# Sample size for proportions in repeated measures

I'm trying to help a scientist design a study for the occurrence of salmonella microbes. He would like to compare an experimental antimicrobial formulation against a chlorine (bleach) at poultry farms. Because background rates of salmonella differ over time, he plans to measure % poultry w/salmonella before treatment, and after treatment. So the measurement will be the difference of before/after % salmonella for the experimental vs. chlorine formulas.

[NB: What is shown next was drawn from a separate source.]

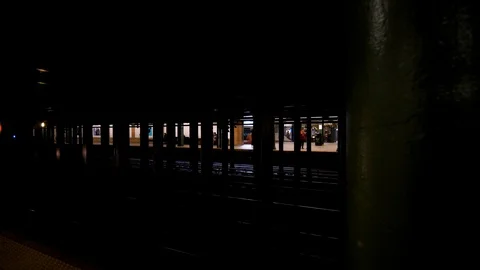 Slow motion shot of Subway train arrivin... | Stock Video | Pond5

Can anyone advise on how to estimate the sample sizes necessary? Let's say the background rate is 50%; after bleach it's 20%; and we want to detect whether the experimental formulation changes the rate by +/- 10%. thank you

EDIT: What I'm struggling with is how to incorporate the background rates. Let's call them p3 and p4, the "before" salmonella rates for bleach and experimental samples, respectively. So the statistic to be estimated is the difference of differences: Experimental(After-Before) - Bleach(After-Before) = (p0-p2) - (p3-p1). To fully account for the sampling variation of "before" rates p2 and p3 in the sample-size calculation --- is it as simple as using p0(1-p0)+p1(1-p1)+p2(1-p2)+p3(1-p3) wherever there's a variation term in the sample-size equation? Let all samples sizes be equal, n1 = n2 = n.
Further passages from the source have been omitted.